From July 10, 1981, when the complaint was filed until the June 17, 1982 ruling denying a jury trial, the parties conducted this litigation as an equity action. On July 10, 1981, the plaintiffs sought and obtained a temporary restraining order that was later extended by agreement. All further action in this case was before the same trial judge. Count I of the complaint alleged irreparable injury and no adequate remedy at law, and sought declaratory and injunctive relief. Count II alleged that the action was brought pursuant to the general jurisdiction of the Superior Court to grant equitable relief and pursuant to 14 M.R.S.A. § 6651 (1980) (although there was no request that the defendants be required to commence a land action) and § 6658 (1980) (although the plaintiffs now argue that the land in question is cultivated). After the parties agreed to extend the restraining order, the case was set for non-jury hearing on September 17. Plaintiffs did not then demand a trial by jury pursuant to M.R.Civ.P. 38(b). The record contains nothing that explains why that hearing did not occur.

The case was next set for non-jury trial on February 26, 1982. The defendants obtained a continuance due to the absence of witnesses. Nevertheless, on February 26 counsel appeared before the trial judge who granted leave to amend count I and set a schedule for pretrial conference and trial. On March 18, 1982, counsel carried the file from Kennebec to Cumberland County for pretrial conference. Thereafter, plaintiffs filed an amended, single-count complaint once again alleging "no adequate remedy at law" and requesting declaratory and injunctive relief. Plaintiffs' trial brief, filed six days later, discusses both prescriptive rights and equitable estoppel theories of relief. Plaintiffs' second pretrial memorandum filed on June 16, 1982 again claims both prescriptive rights and equitable estoppel. The memorandum also repeats a pro-forma jury trial request: "Trial by jury is requested." 5

On June 17, 1982, just five days before the scheduled non-jury trial, the attorneys once again traveled out of county to appear before the trial judge. At the hearing in Knox County, plaintiffs' counsel explained his claim for a jury trial by saying that the case "by tradition is one of law bringing forward legal issues." According to the trial judge that was the first occasion upon which plaintiffs' jury demand had been brought to his attention--although the case had been scheduled for trial twice before.
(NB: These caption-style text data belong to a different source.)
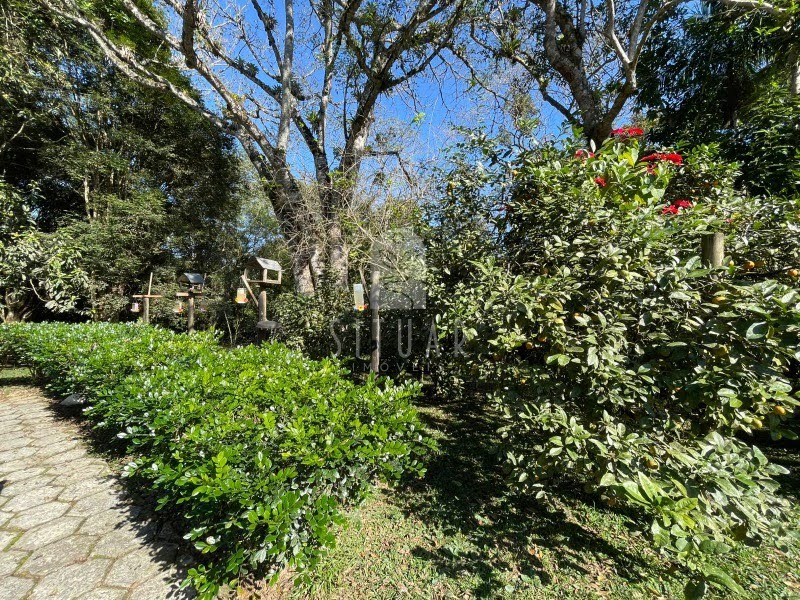 Foto 51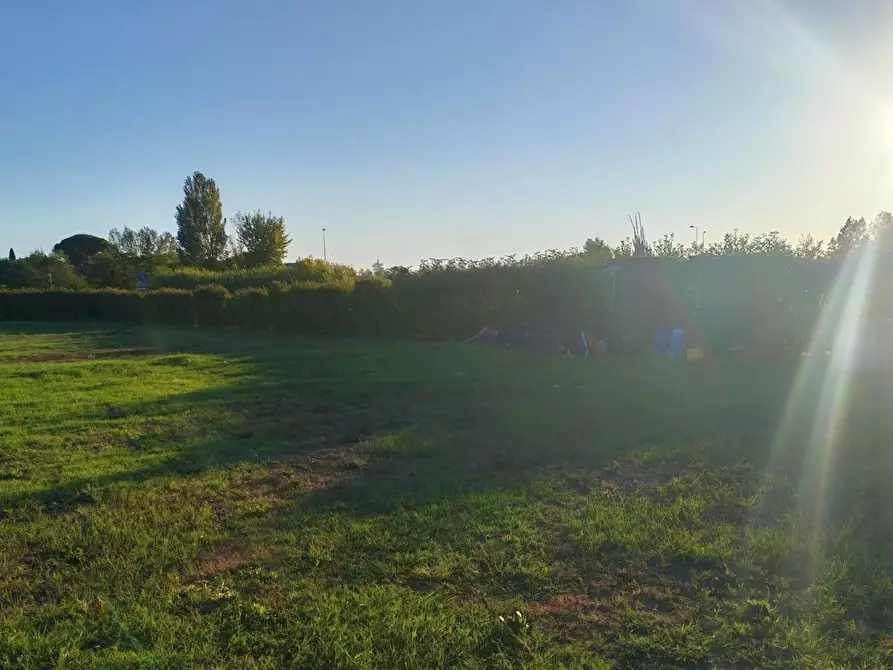 Immagine 4 di Terreno residenziale in vendita  a Ponsacco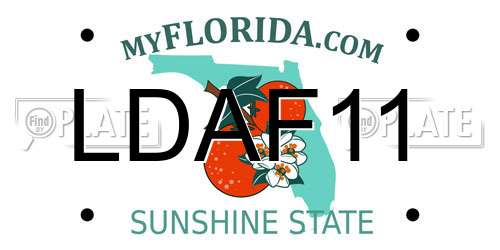 LDAF11 Florida License Plate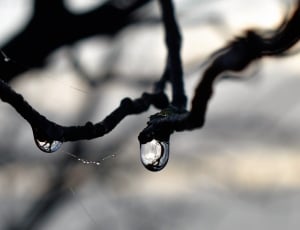 water droplet thumbnail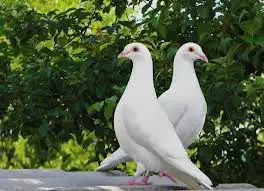 Бели гълъби за сватби и тървества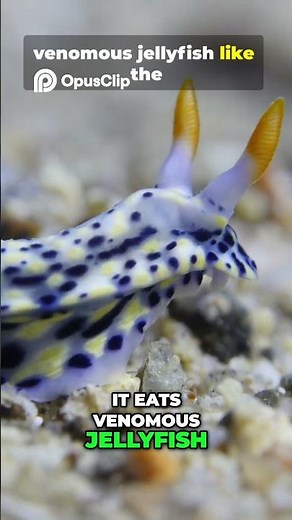 Blue Dragon: The Ocean's Dangerous Beauty!BlueDragon #GlaucusAtlanticus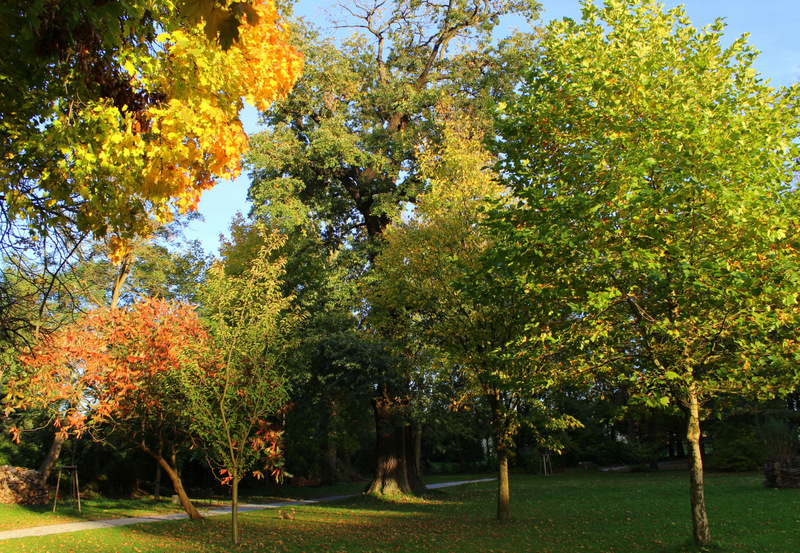 Herbst im Schulpark Baruth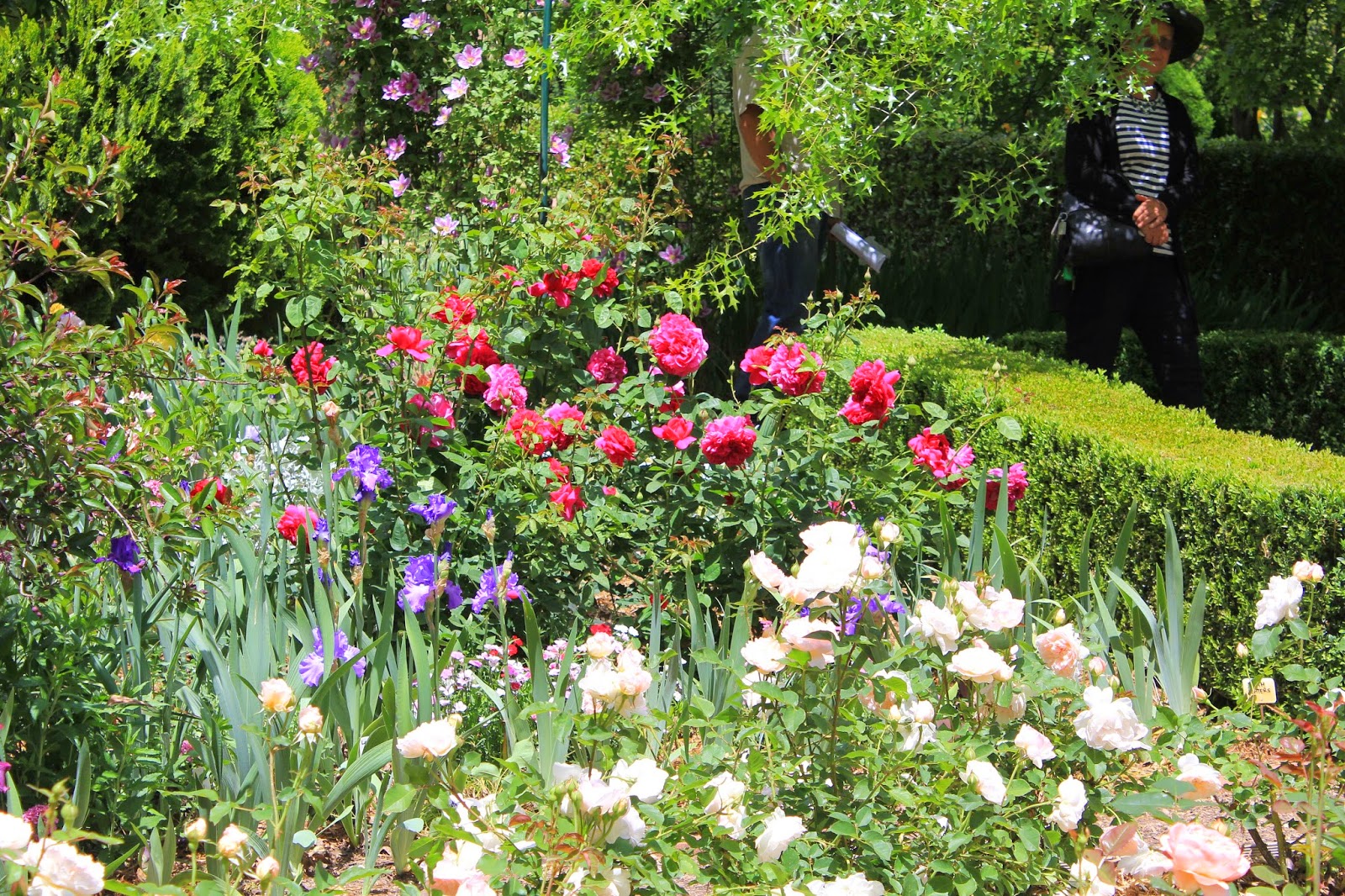 Liz Needle November 2014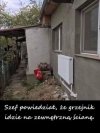 Szefa słowo 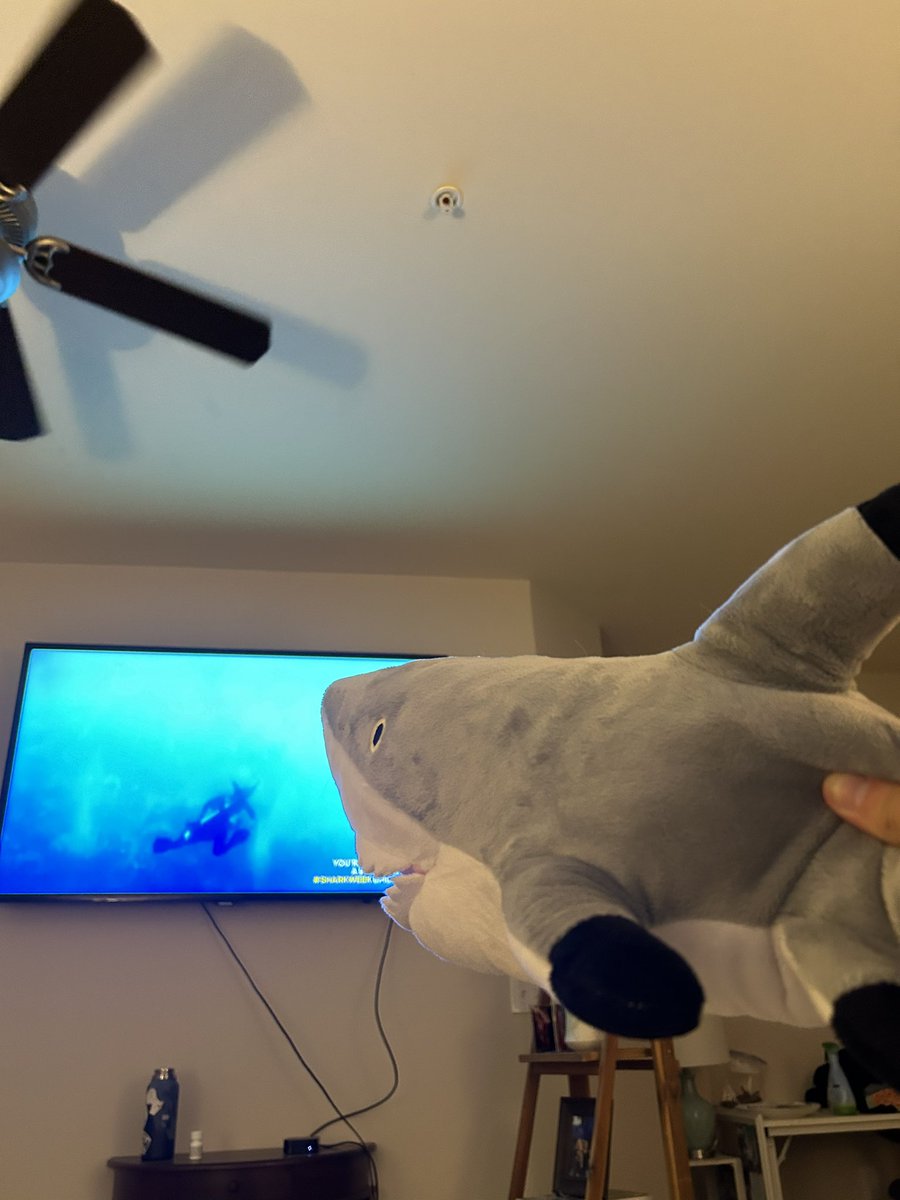 Tippy the black tip reef shark is loving #SharkWeek as much as I am 😅🖤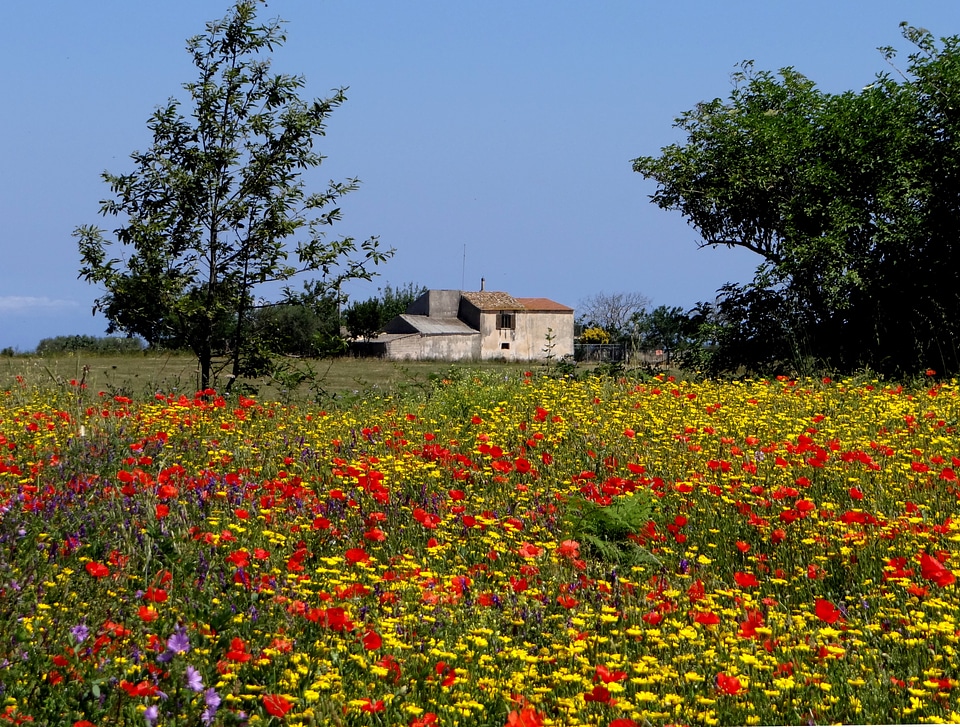 Colorful calabria summer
It is significant that by usual Superior Court practice, absent an individual assignment by the Chief Justice, only non-jury cases are retained under the control of an individual justice.

We also find significant the fact that the plaintiffs could not be harmed by delay because of the continuing restraint on the defendants. The trial judge was aware of the need to decide promptly this case, which had been pending almost a year. The trial judge perceived the ...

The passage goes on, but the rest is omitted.